Task goal |
Make an exact copy of all the records, one that contains none of the pictures.

======== Source records ========

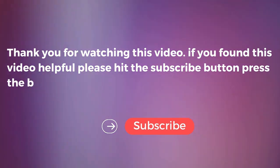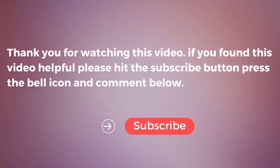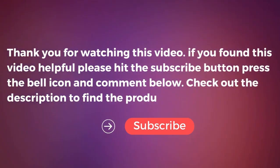Like the subscribe button, press the bell icon, and comment below. Check out the description to find the product links.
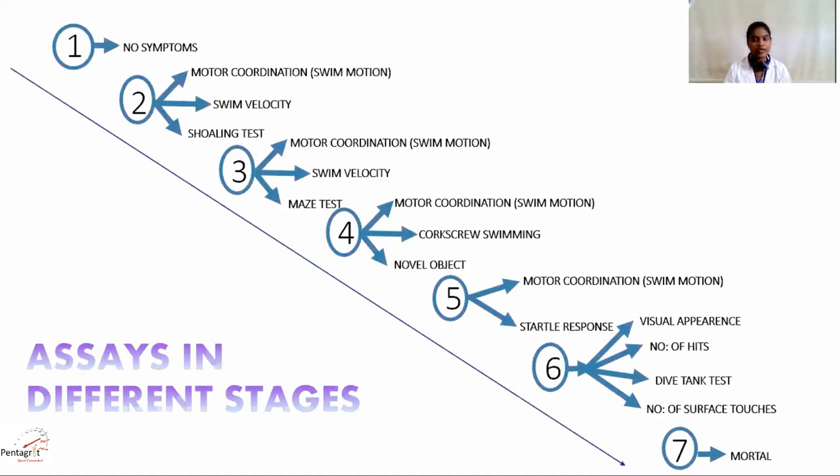In stage one, the fish do not exhibit any cognitive or physiological changes. With the progression of the disease, symptoms like slow movement, emaciation, and schooling behavior are observed, which can be correlated with stage two in humans.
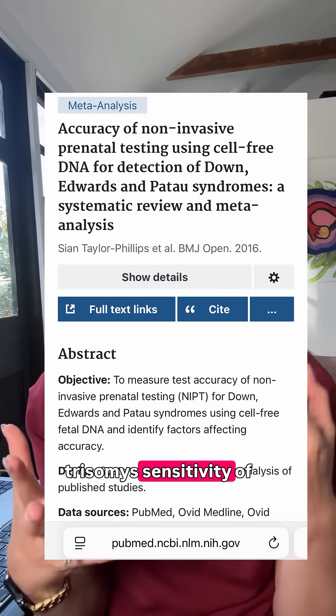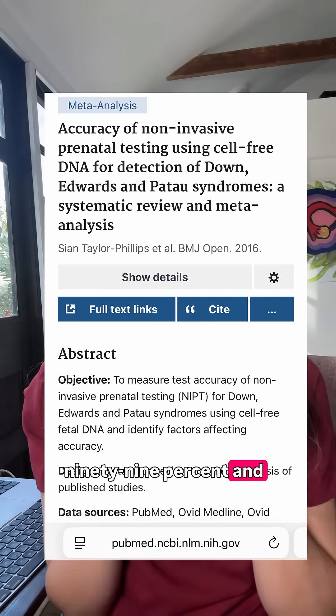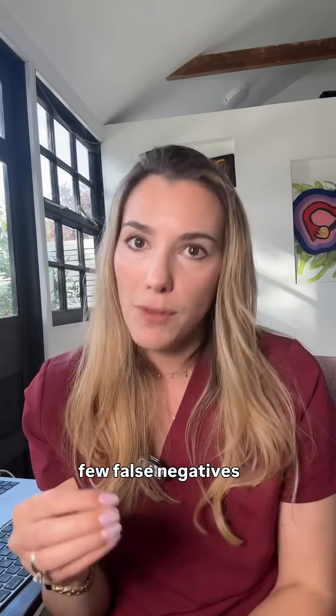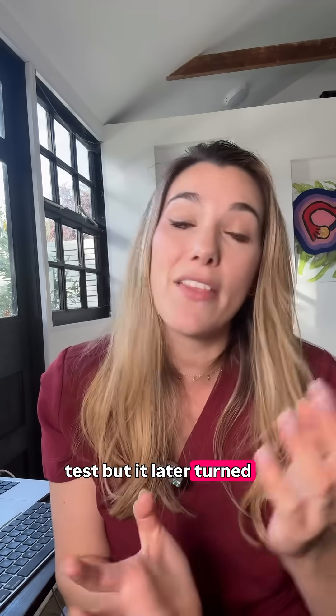A large meta-analysis found that for these trisomies, sensitivity of the tests are typically above 99% and specificity is similarly high, meaning that you have few false negatives. But it's not perfect. Just like this creator, she unfortunately had a false positive, meaning that she was told she had a positive test, but it later turned out that her baby didn't have that genetic condition.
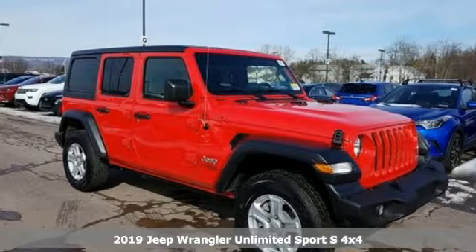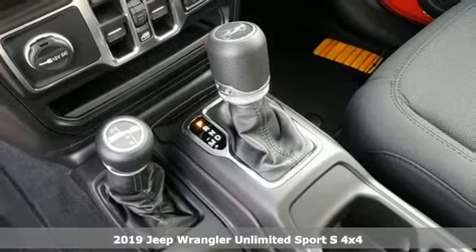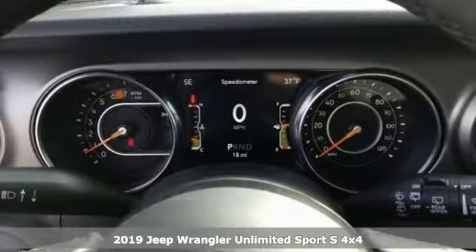Here's a new 2019 Jeep Wrangler Unlimited. With four doors and legendary off-road capability, the world opens up to endless possibilities.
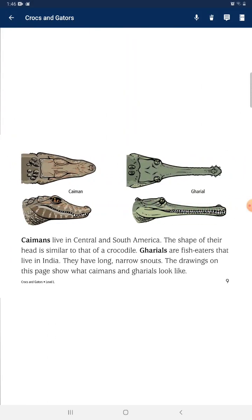Caimans live in Central and South America, and the shape of their head is similar to that of a crocodile. Gharials, the fish eaters, live in India and have long, narrow snouts. The drawings on this page show what caimans and gharials look like.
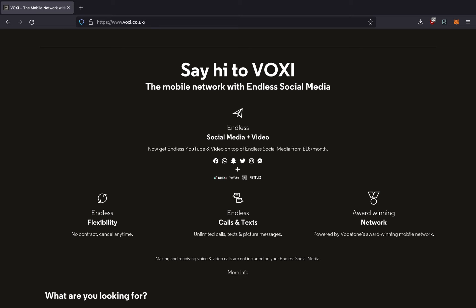All plans have Wi-Fi calling, visual voicemail, 5G, and EU roaming. EU roaming allows you to use your plan in EU countries, but with a 20GB fair use policy. Also, Voxi plans are all non-contract, meaning that you can cancel at any time.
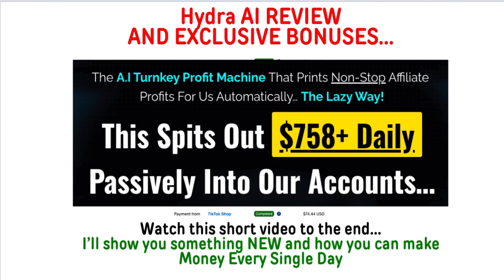Chance Reynolds here. I wanted to hop on here and do a quick review of a product, a software, an ecosystem that is launching called Hydra AI. I do have early access to the actual backend, to the software. I'm calling it an ecosystem because it has several different things — it's not just a software. I do have some exclusive bonuses that I've created specifically for this offer, so definitely stick around to check those out.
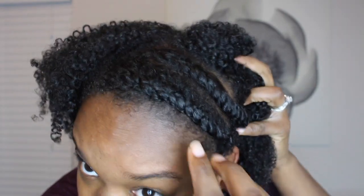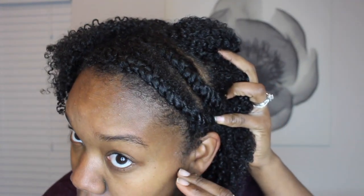But first, can we just take a moment to appreciate that I actually did flat twists correctly? Y'all know I don't know how to flat twist, but I'm trying — practice makes perfect. So let's get into this.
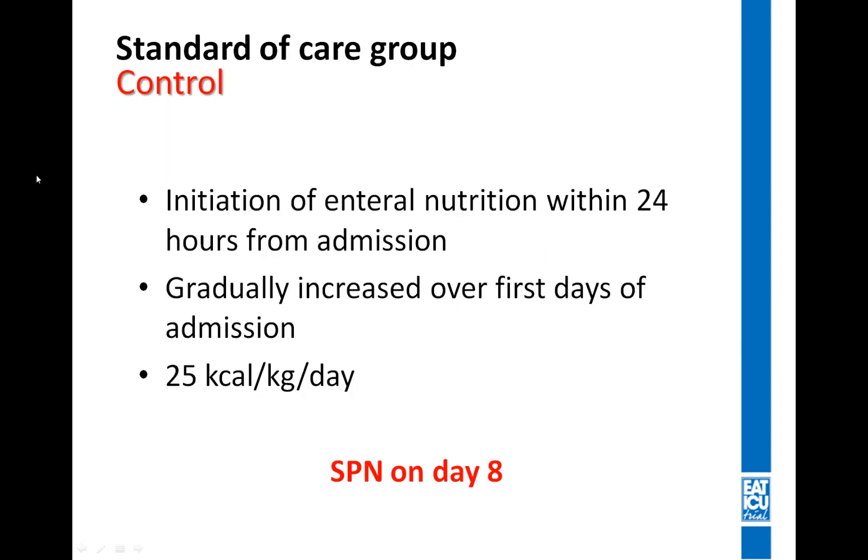For the control group — the standard of care group — we initiated enteral nutrition as early as possible within 24 hours from admission, as recommended by the ESPEN guidelines. We gradually increased enteral nutrition as tolerated by the patient over the first few days, gave energy based on calculated goals, and supplemented with parenteral nutrition only from day eight.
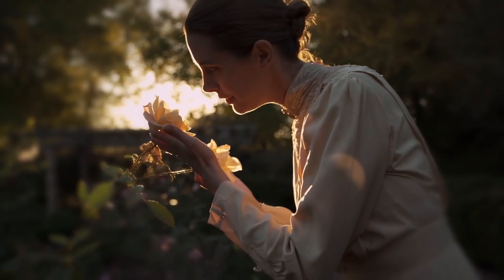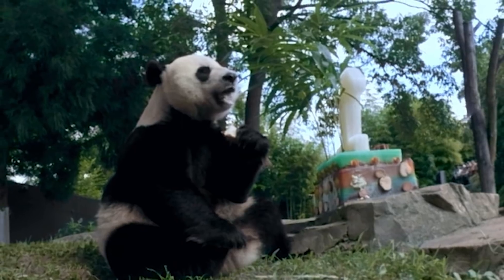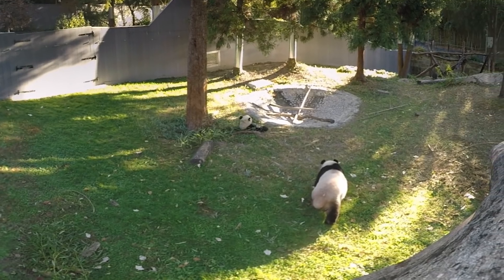I recently did a project for the Smithsonian National Zoo which was featuring their giant panda exhibit, one of the most popular exhibits at the zoo. They decided to do a whole 360 VR experience because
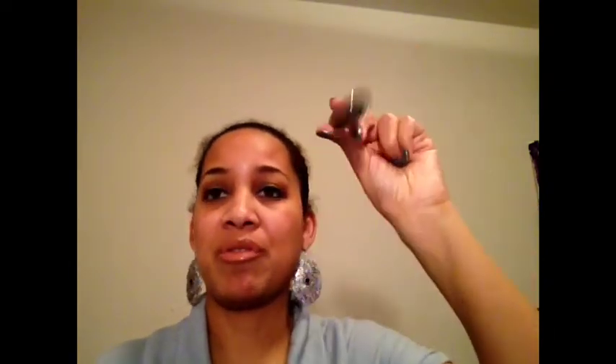The mascara I'm using is Benefit They're Real Mascara — I've really been loving that, look out for a review on this. Excuse my nails; they chipped and I haven't painted them yet, but I will be doing that. On my cheeks, I'm using my Physician's Formula Happy Booster Blush in Natural.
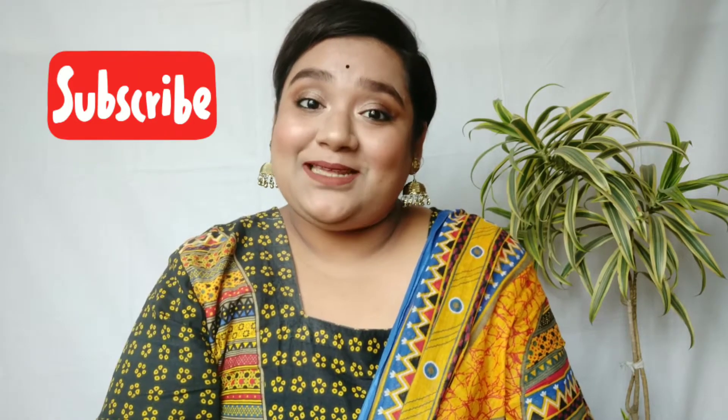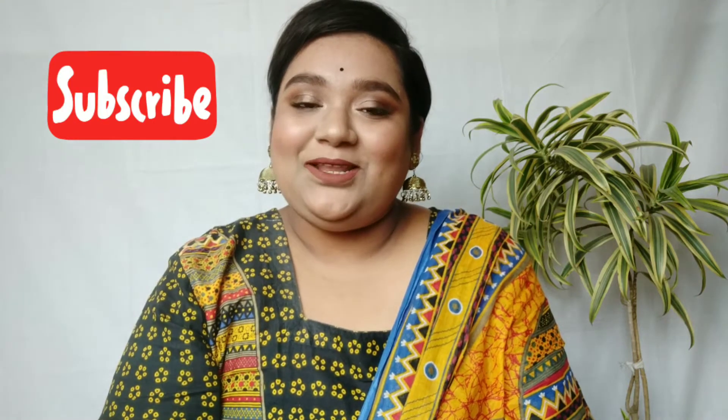Hello everyone, welcome back to my YouTube channel, and if you're new here, welcome! I am Shuchetan and I make content related to beauty, makeup, and lifestyle. If you're interested, please take a moment to subscribe to my YouTube channel and also hit the notification bell just next to it so that you don't miss any update.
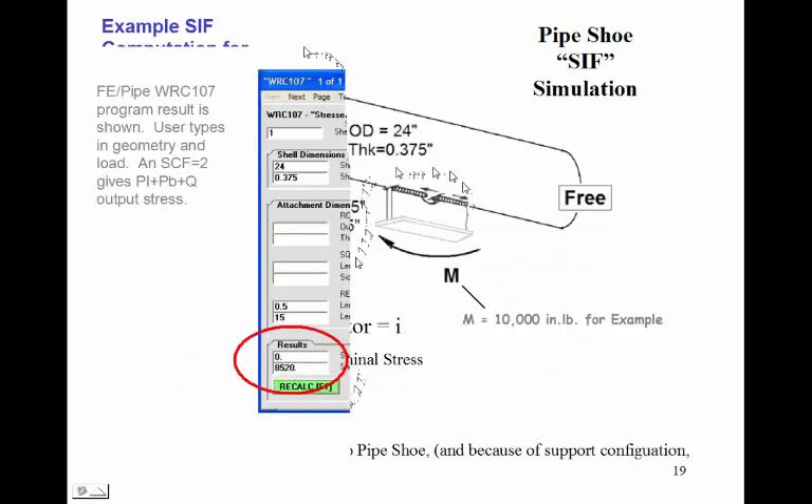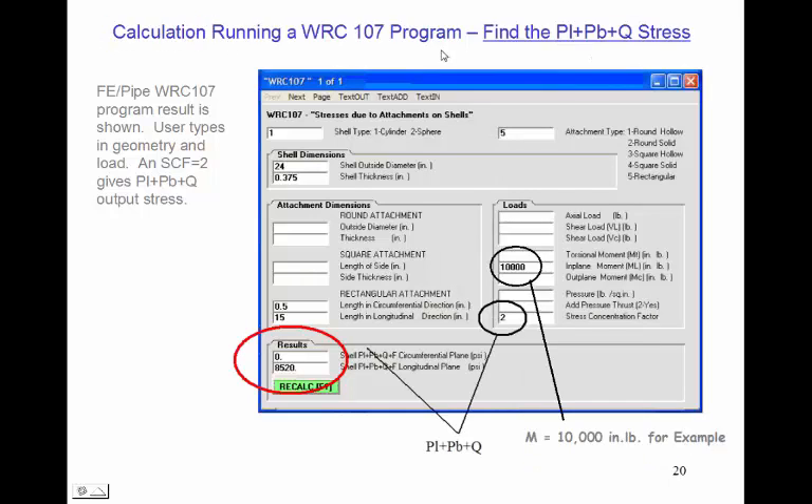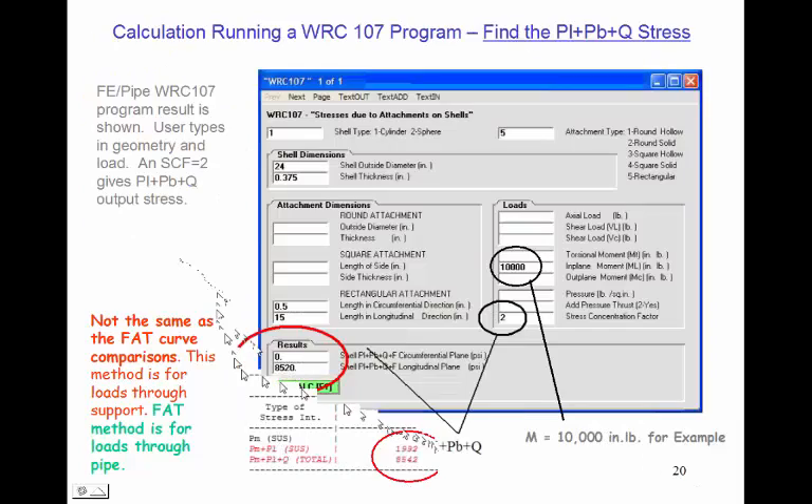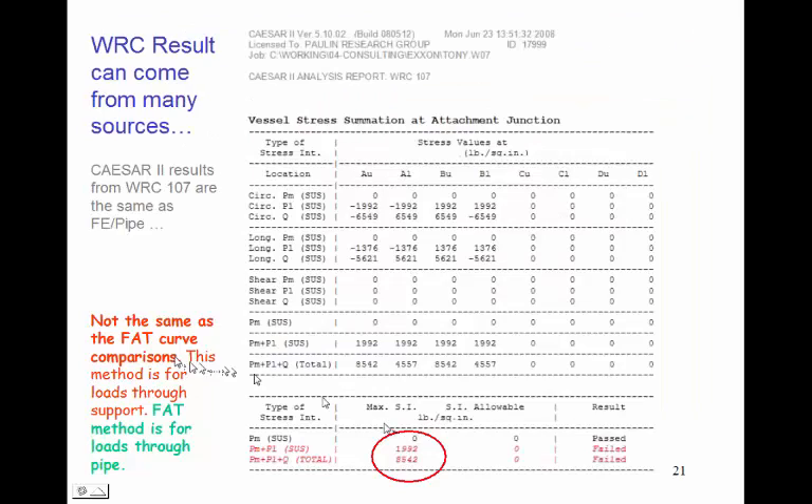Running WRC 107 with the pipe dimensions and support geometry, the nominal local stress PL+PB+Q in the pipe is 8,520 PSI. This can also be computed in Caesar II with the same result. It's important to note that this is not the same as using the FAT curve comparisons done before — this is for evaluating high loads through the support. Caesar II and FE Pipe WRC 107 give the same result.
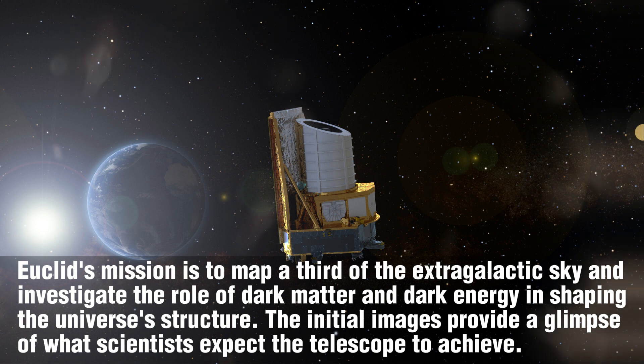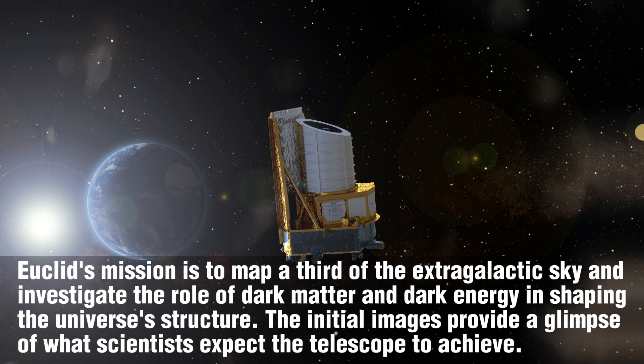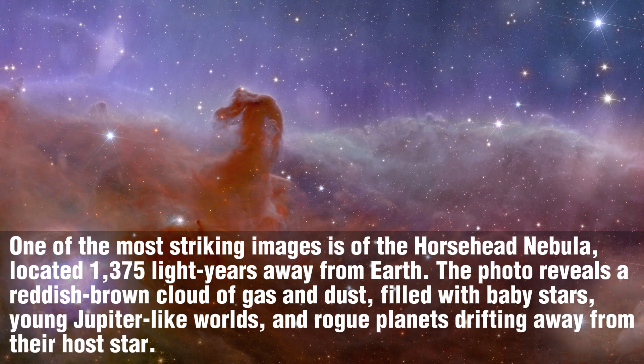The initial images provide a glimpse of what scientists expect the telescope to achieve. One of the most striking images is of the Horsehead Nebula, located 1,375 light-years away from Earth. The photo reveals a reddish-brown cloud of gas and dust filled with baby stars, young Jupiter-like worlds, and rogue planets drifting away from their host star.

========

Solution |
Like the subscribe button, press the bell icon, and comment below. Check out the description to find the product links.
In stage one, the fish do not exhibit any cognitive or physiological changes. With the progression of the disease, symptoms like slow movement, emaciation, and schooling behavior are observed, which can be correlated with stage two in humans.
A large meta-analysis found that for these trisomies, sensitivity of the tests are typically above 99% and specificity is similarly high, meaning that you have few false negatives. But it's not perfect. Just like this creator, she unfortunately had a false positive, meaning that she was told she had a positive test, but it later turned out that her baby didn't have that genetic condition.
Here's a new 2019 Jeep Wrangler Unlimited. With four doors and legendary off-road capability, the world opens up to endless possibilities.
Caimans live in Central and South America, and the shape of their head is similar to that of a crocodile. Gharials, the fish eaters, live in India and have long, narrow snouts. The drawings on this page show what caimans and gharials look like.
All plans have Wi-Fi calling, visual voicemail, 5G, and EU roaming. EU roaming allows you to use your plan in EU countries, but with a 20GB fair use policy. Also, Voxi plans are all non-contract, meaning that you can cancel at any time.
Chance Reynolds here. I wanted to hop on here and do a quick review of a product, a software, an ecosystem that is launching called Hydra AI. I do have early access to the actual backend, to the software. I'm calling it an ecosystem because it has several different things — it's not just a software. I do have some exclusive bonuses that I've created specifically for this offer, so definitely stick around to check those out.
But first, can we just take a moment to appreciate that I actually did flat twists correctly? Y'all know I don't know how to flat twist, but I'm trying — practice makes perfect. So let's get into this.
For the control group — the standard of care group — we initiated enteral nutrition as early as possible within 24 hours from admission, as recommended by the ESPEN guidelines. We gradually increased enteral nutrition as tolerated by the patient over the first few days, gave energy based on calculated goals, and supplemented with parenteral nutrition only from day eight.
I recently did a project for the Smithsonian National Zoo which was featuring their giant panda exhibit, one of the most popular exhibits at the zoo. They decided to do a whole 360 VR experience because
The mascara I'm using is Benefit They're Real Mascara — I've really been loving that, look out for a review on this. Excuse my nails; they chipped and I haven't painted them yet, but I will be doing that. On my cheeks, I'm using my Physician's Formula Happy Booster Blush in Natural.
Hello everyone, welcome back to my YouTube channel, and if you're new here, welcome! I am Shuchetan and I make content related to beauty, makeup, and lifestyle. If you're interested, please take a moment to subscribe to my YouTube channel and also hit the notification bell just next to it so that you don't miss any update.
Running WRC 107 with the pipe dimensions and support geometry, the nominal local stress PL+PB+Q in the pipe is 8,520 PSI. This can also be computed in Caesar II with the same result. It's important to note that this is not the same as using the FAT curve comparisons done before — this is for evaluating high loads through the support. Caesar II and FE Pipe WRC 107 give the same result.
The initial images provide a glimpse of what scientists expect the telescope to achieve. One of the most striking images is of the Horsehead Nebula, located 1,375 light-years away from Earth. The photo reveals a reddish-brown cloud of gas and dust filled with baby stars, young Jupiter-like worlds, and rogue planets drifting away from their host star.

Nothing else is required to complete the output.